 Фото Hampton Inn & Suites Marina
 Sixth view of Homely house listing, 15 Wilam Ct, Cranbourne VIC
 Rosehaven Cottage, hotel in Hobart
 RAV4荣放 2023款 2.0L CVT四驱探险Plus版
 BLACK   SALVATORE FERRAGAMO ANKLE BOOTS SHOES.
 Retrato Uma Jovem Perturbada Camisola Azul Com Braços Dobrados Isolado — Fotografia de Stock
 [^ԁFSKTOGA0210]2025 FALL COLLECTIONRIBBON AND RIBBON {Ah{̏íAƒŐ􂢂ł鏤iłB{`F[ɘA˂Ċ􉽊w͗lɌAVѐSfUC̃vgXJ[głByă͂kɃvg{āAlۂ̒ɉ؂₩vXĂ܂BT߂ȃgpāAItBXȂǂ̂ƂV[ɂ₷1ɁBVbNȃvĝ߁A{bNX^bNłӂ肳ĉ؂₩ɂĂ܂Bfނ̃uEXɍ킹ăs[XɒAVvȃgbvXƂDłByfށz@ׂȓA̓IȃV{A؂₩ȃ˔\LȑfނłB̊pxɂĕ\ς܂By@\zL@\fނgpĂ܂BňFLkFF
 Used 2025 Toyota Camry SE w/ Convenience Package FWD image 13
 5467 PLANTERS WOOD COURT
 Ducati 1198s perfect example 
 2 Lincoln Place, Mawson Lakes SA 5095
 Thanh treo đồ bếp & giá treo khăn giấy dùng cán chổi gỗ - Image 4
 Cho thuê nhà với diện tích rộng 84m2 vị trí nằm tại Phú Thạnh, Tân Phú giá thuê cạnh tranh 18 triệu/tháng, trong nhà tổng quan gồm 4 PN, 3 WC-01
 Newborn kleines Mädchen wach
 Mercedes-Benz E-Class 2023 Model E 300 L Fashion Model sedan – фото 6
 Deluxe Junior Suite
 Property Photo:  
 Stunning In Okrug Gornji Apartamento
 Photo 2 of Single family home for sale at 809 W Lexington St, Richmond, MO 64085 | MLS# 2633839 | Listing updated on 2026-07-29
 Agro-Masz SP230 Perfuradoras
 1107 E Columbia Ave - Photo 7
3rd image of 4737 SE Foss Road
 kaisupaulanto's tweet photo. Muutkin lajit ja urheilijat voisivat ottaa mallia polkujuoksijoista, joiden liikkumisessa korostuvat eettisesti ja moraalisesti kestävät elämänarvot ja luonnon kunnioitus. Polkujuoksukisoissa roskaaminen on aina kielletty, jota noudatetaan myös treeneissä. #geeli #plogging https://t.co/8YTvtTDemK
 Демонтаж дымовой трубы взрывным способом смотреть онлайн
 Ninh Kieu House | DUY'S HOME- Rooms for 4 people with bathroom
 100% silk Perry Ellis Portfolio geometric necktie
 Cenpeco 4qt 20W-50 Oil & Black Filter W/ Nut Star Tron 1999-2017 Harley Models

# DIRECTIONS FOR THIS TASK
The listing is to be given again exactly, line for line.

# TASK OUTPUT
 Фото Hampton Inn & Suites Marina
 Sixth view of Homely house listing, 15 Wilam Ct, Cranbourne VIC
 Rosehaven Cottage, hotel in Hobart
 RAV4荣放 2023款 2.0L CVT四驱探险Plus版
 BLACK   SALVATORE FERRAGAMO ANKLE BOOTS SHOES.
 Retrato Uma Jovem Perturbada Camisola Azul Com Braços Dobrados Isolado — Fotografia de Stock
 [^ԁFSKTOGA0210]2025 FALL COLLECTIONRIBBON AND RIBBON {Ah{̏íAƒŐ􂢂ł鏤iłB{`F[ɘA˂Ċ􉽊w͗lɌAVѐSfUC̃vgXJ[głByă͂kɃvg{āAlۂ̒ɉ؂₩vXĂ܂BT߂ȃgpāAItBXȂǂ̂ƂV[ɂ₷1ɁBVbNȃvĝ߁A{bNX^bNłӂ肳ĉ؂₩ɂĂ܂Bfނ̃uEXɍ킹ăs[XɒAVvȃgbvXƂDłByfށz@ׂȓA̓IȃV{A؂₩ȃ˔\LȑfނłB̊pxɂĕ\ς܂By@\zL@\fނgpĂ܂BňFLkFF
 Used 2025 Toyota Camry SE w/ Convenience Package FWD image 13
 5467 PLANTERS WOOD COURT
 Ducati 1198s perfect example 
 2 Lincoln Place, Mawson Lakes SA 5095
 Thanh treo đồ bếp & giá treo khăn giấy dùng cán chổi gỗ - Image 4
 Cho thuê nhà với diện tích rộng 84m2 vị trí nằm tại Phú Thạnh, Tân Phú giá thuê cạnh tranh 18 triệu/tháng, trong nhà tổng quan gồm 4 PN, 3 WC-01
 Newborn kleines Mädchen wach
 Mercedes-Benz E-Class 2023 Model E 300 L Fashion Model sedan – фото 6
 Deluxe Junior Suite
 Property Photo:  
 Stunning In Okrug Gornji Apartamento
 Photo 2 of Single family home for sale at 809 W Lexington St, Richmond, MO 64085 | MLS# 2633839 | Listing updated on 2026-07-29
 Agro-Masz SP230 Perfuradoras
 1107 E Columbia Ave - Photo 7
3rd image of 4737 SE Foss Road
 kaisupaulanto's tweet photo. Muutkin lajit ja urheilijat voisivat ottaa mallia polkujuoksijoista, joiden liikkumisessa korostuvat eettisesti ja moraalisesti kestävät elämänarvot ja luonnon kunnioitus. Polkujuoksukisoissa roskaaminen on aina kielletty, jota noudatetaan myös treeneissä. #geeli #plogging https://t.co/8YTvtTDemK
 Демонтаж дымовой трубы взрывным способом смотреть онлайн
 Ninh Kieu House | DUY'S HOME- Rooms for 4 people with bathroom
 100% silk Perry Ellis Portfolio geometric necktie
 Cenpeco 4qt 20W-50 Oil & Black Filter W/ Nut Star Tron 1999-2017 Harley Models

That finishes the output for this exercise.